R3BRootGroup / R3BRoot

Framework for Simulations and Data Analysis of R3B Experiment
https://github.com/R3BRootGroup/R3BRoot/wiki
GNU General Public License v3.0
18 stars 104 forks source link

R3BUcesbSource2 and add runtime struct info checking #910

Closed YanzhaoW closed 10 months ago

YanzhaoW commented 1 year ago

List of features:

Motivation:

R3BUcesbSource crashes the program when running NeuLAND lmd2cal task due to the double closing:

https://github.com/R3BRootGroup/R3BRoot/blob/71a9f2e0f8431b4188561462f6785cf0f605d13b/r3bsource/base/R3BUcesbSource.cxx#L51-L60

As has been discussed in #712 and #852 with @inkdot7 and @klenze, it would be better if the ext headers of the latest R3BRoot version could be compatible and used for the old experiments, without risking the "not-found" situations.

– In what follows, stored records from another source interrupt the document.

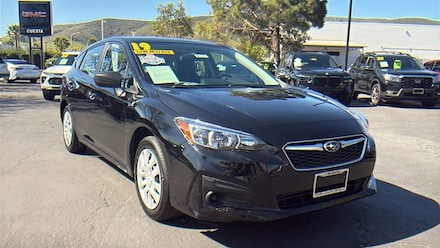 2019 Subaru Impreza 2.0i 5-door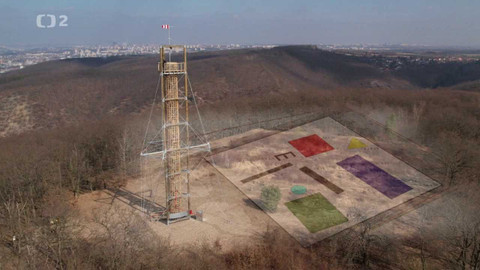 Nedej se! - Betonové oppidum Závist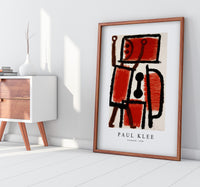 Paul Klee - Locksmith 1940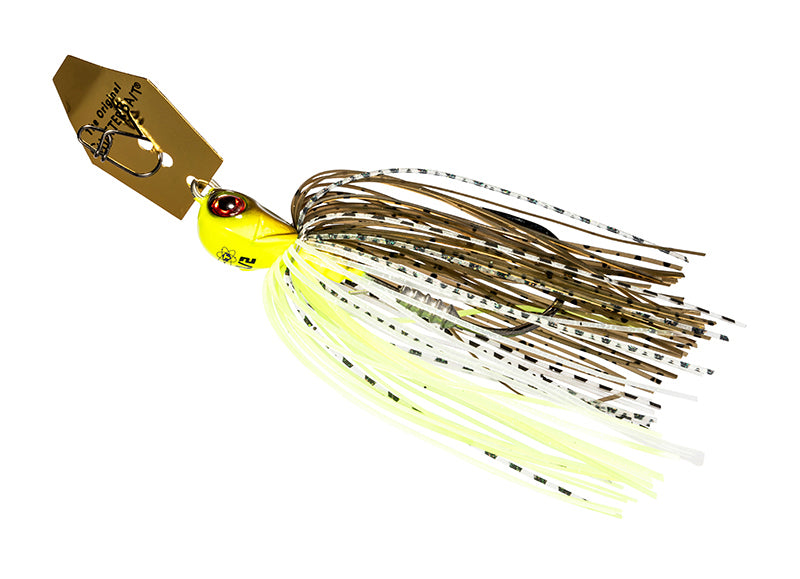 Z-Man Tungsten Elite Cb Evo 1/2Oz Hot Snakes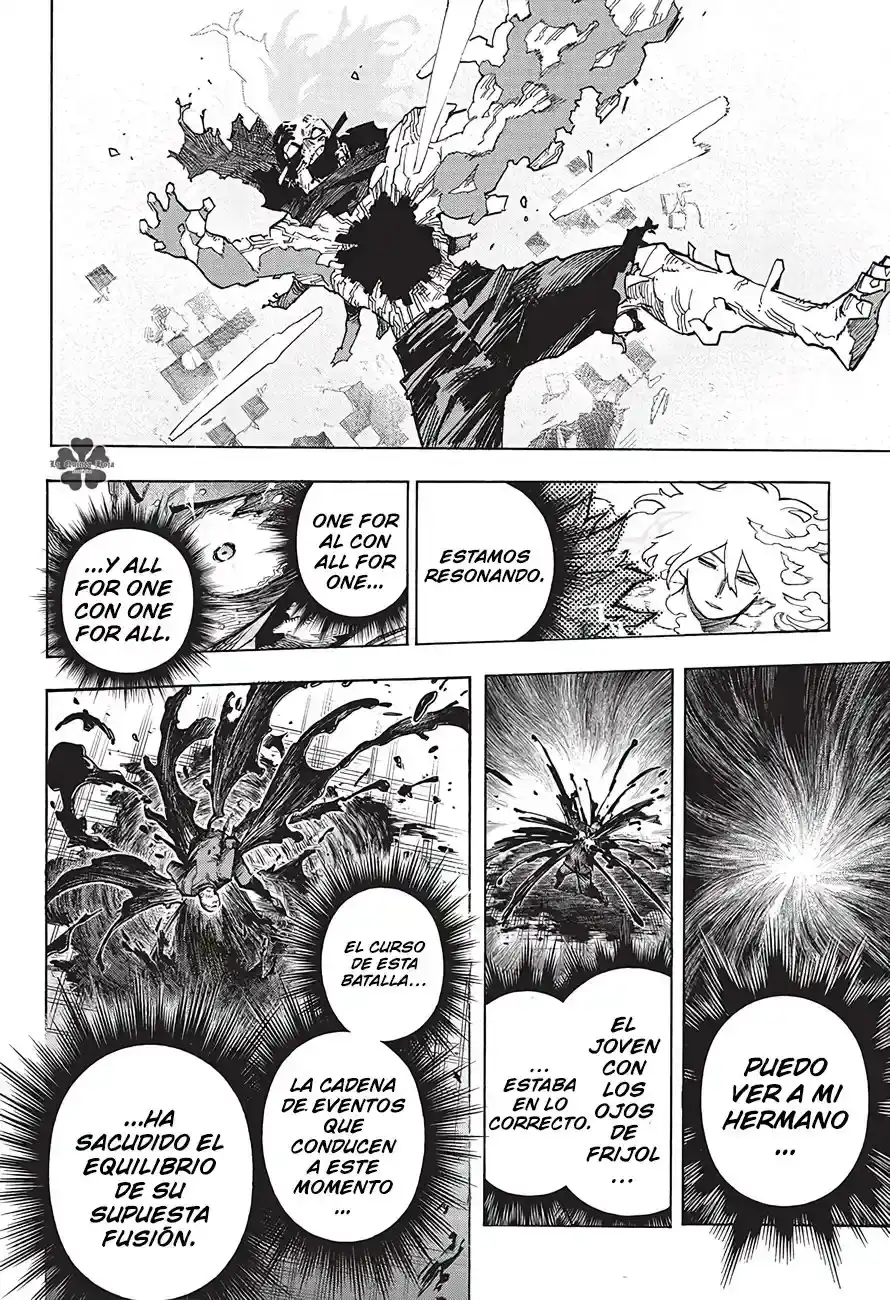 Página 15 — Boku no Hero Academia Capítulo 369.2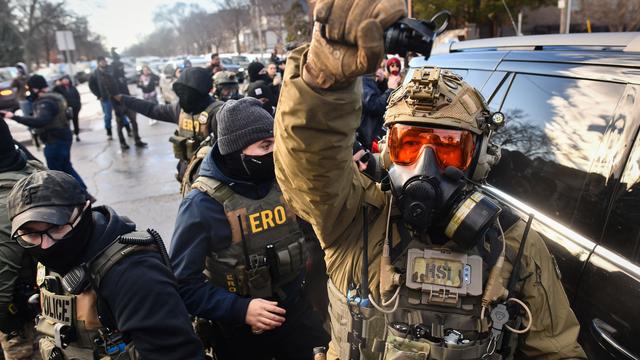 USA: US-Grenzbeauftragter Homan kündigt ICE-Abzug aus Minnesota an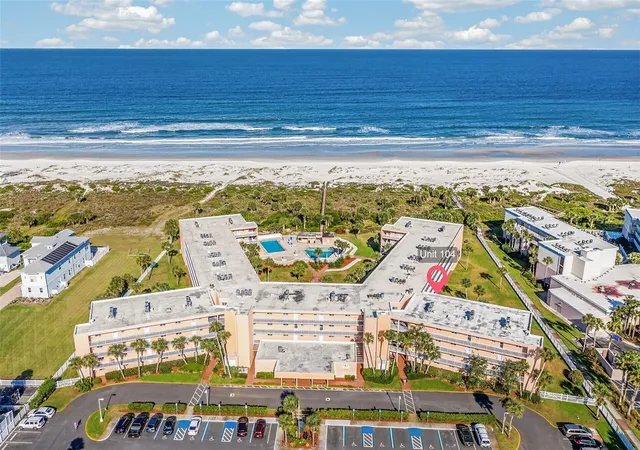 1st image of 4 Ocean Trace Rd #104, Saint Augustine, FL 32080 | MLS# GC540990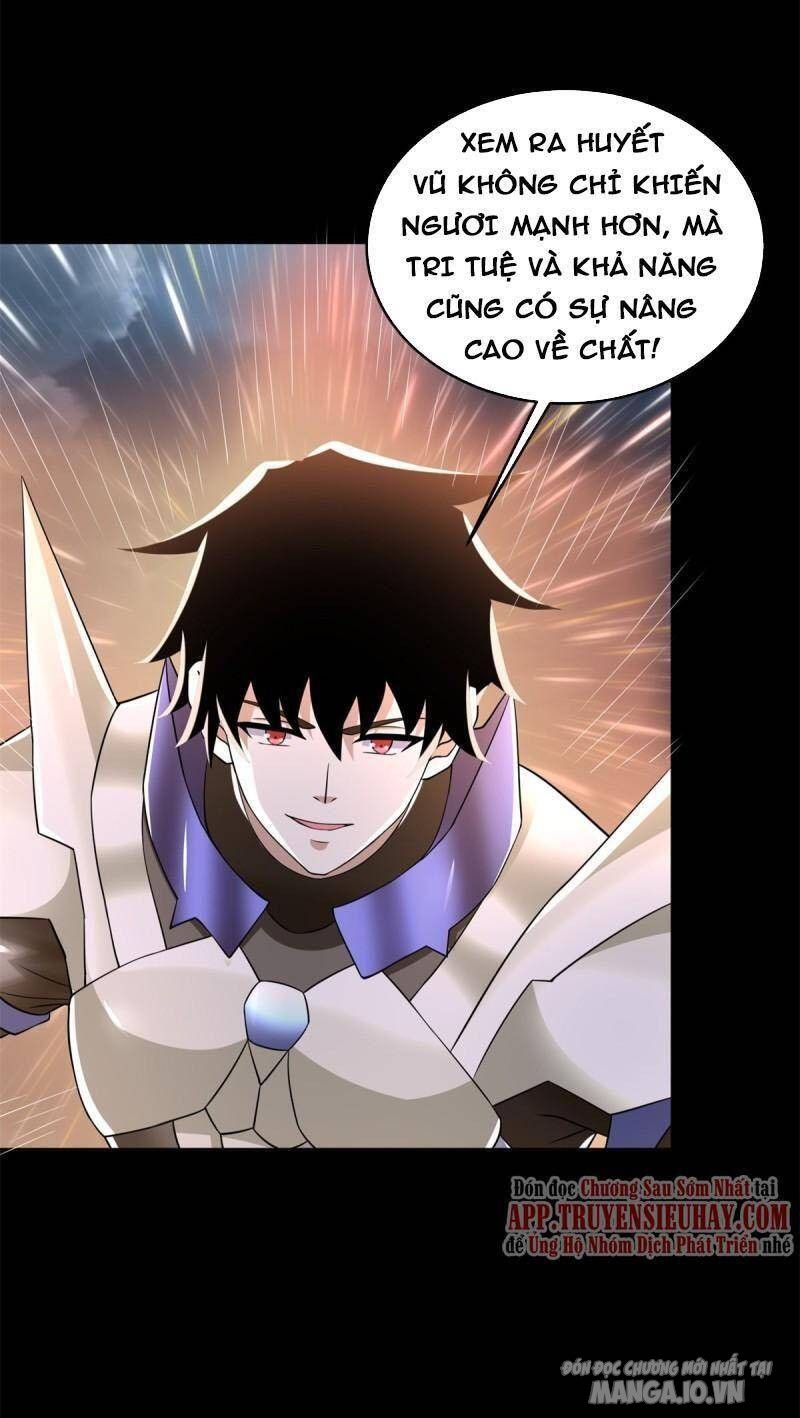 Mạt Thế Vi Vương Chapter 554 - Trang 2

With the need to add this new feature and correct the existing malicious coding practices in the ucesb source class, the change of the old ucesb source class could result in 90% of its code to be rewritten. It's almost a certain that some people would be against it considering the new experiments coming very soon next year. Therefore, it's better to create a new class named "R3BUcesbSource2".

Testing result:

It's been tested with NeuLAND lmd data, both from s509 and s444, using the same ext header. For the s444, the number of neuland dp must be set to 8. Setting a higher number causes the program to terminate because of the unfound items (which should happen). However, the bar number value from s444 is somehow not correct. it could be caused by larger array sizes (causing "array_fewer" flag) of the struct defined in its sever side (need further investigation).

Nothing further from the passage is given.